Comment l’école protège-t-elle les données numériques des élèves ?

XXIe siècle oblige, le numérique est entré dans l’école via les espaces numériques de travail (ENT). Ces plateformes, dans lesquelles sont saisies les données de l’élève sont, a priori, sécurisées, mais souvent contraignantes en termes d’utilisation. D’où le recours à d’autres outils...

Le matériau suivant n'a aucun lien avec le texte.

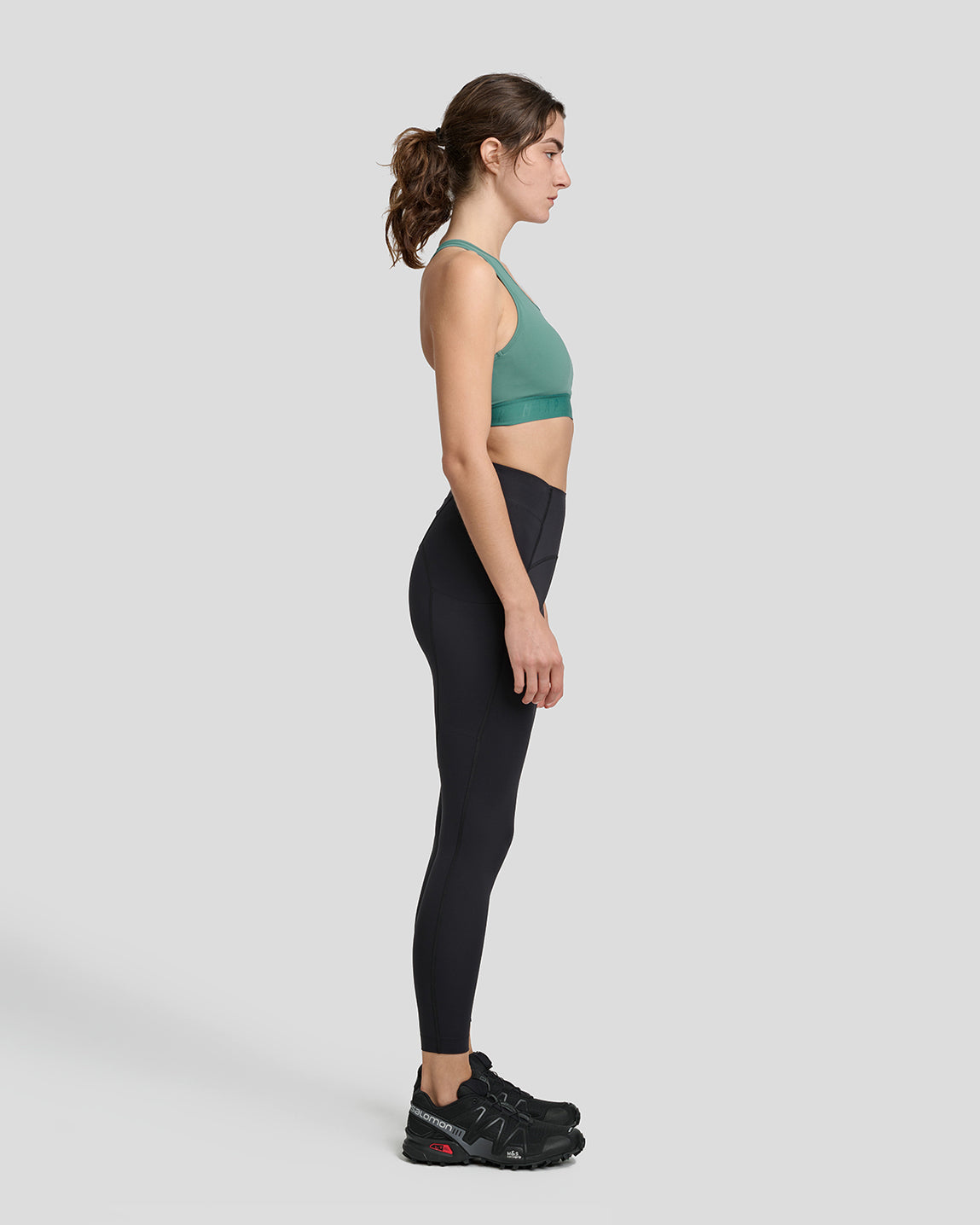 Image for Product Image 3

Désormais, quelques clics suffisent pour accéder au dernier relevé de notes de son enfant, à ses absences, à son emploi du temps… Grâce aux espaces numériques de travail, dits ENT, c’est simple et pratique. En 2018, c’est logique. Le hic, c’est quand les parents commencent à s’interroger : où sont stockées toutes ces données ? Qui peut les utiliser ? Sont-elles suffisamment protégées ? L’usage des Gafam (Google, Apple, Facebook, Amazon et Microsoft) autorisé en mai 2017 par la Direction du numérique pour l’éducation (DNE) ajoute une couche d’opacité dans ce nuage virtuel non identifié et non localisé. Un éclairage s’impose.

Un réel intérêt
« Le numérique à l’école a un réel intérêt pour les élèves, ne serait-ce que pour ne plus avoir à transporter des cartables extrêmement lourds », rappelle Axel Simon, membre de la Quadrature du net. Dans les apprentissages aussi, les avantages du numérique ne sont plus à démontrer, à condition que les professeurs et les élèves puissent utiliser des outils fluides, rapides et accessibles. Ce que ne permettent pas forcément ceux mis à disposition dans les ENT. Du coup, des professeurs amènent leurs propres outils, en ignorant l’impact des traitements des données par les entreprises privées qui se « rémunèrent » via une monétisation de celles-ci. Or, les données pédagogiques sont sensibles car elles concernent des enfants. « Le risque, c’est qu’ils perdent le droit de se tromper », note Axel Simon. Quant à l’anonymisation, « elle ne suffit plus et ça a été prouvé. Deux données suffisent pour retrouver l’identité de la personne », rappelle Axel Simon.

Un code de conduite
Comment agir en tant que parent ? D’abord en s’intéressant au sujet, même s’il les dépasse. Le règlement général européen sur la protection des données (RGPD) implique le consentement des personnes pour utiliser leurs données. C’est l’occasion de scruter les contrats qui régissent les espaces numériques de travail (ENT). « Nous allons solliciter les parents pour créer un code de conduite avec les collectivités territoriales impliquées dans les ENT et les fournisseurs privés d’outils numériques », rassure Jean-Marc Merriaux, directeur du numérique pour l’éducation depuis mai 2018 et coauteur du rapport Données numériques à caractère personnel au sein de l’Education nationale. Ce cadre de confiance, qui devrait être finalisé à la rentrée 2019, doit permettre une réelle transparence sur le traitement et le stockage des données scolaires.

L’urgence de la formation
Les deux autres chantiers pour le ministère sont « la responsabilisation des directeurs académiques des services de l’Education nationale (Dasen) et des chefs d’établissement ainsi que la formation des enseignants aux enjeux de l’utilisation des données scolaires numériques dans le cadre d’usages pédagogiques et administratifs », ajoute Jean-Marc Merriaux. Et là, il y a urgence car qui va former les élèves aux dimensions éthiques, sociales et économiques de l’utilisation des données numériques à caractère personnel ? Pour l’instant, « les enseignants manquent de ressources et ils ne sont pas assez soutenus », note Axel Simon qui déplore que l’informatique à l’école soit encore considérée comme une matière secondaire.

Infos pratiques

Des délégués de la protection des données récemment nommés
Chaque académie a son délégué, c’est désormais une obligation. Son rôle est de veiller au respect du règlement général européen sur la protection des données (RGPD) par les responsables des traitements de données personnelles mis en œuvre dans l’académie, les écoles ou les établissements, ainsi qu’aux sous-traitants et prestataires prenant part à ces traitements.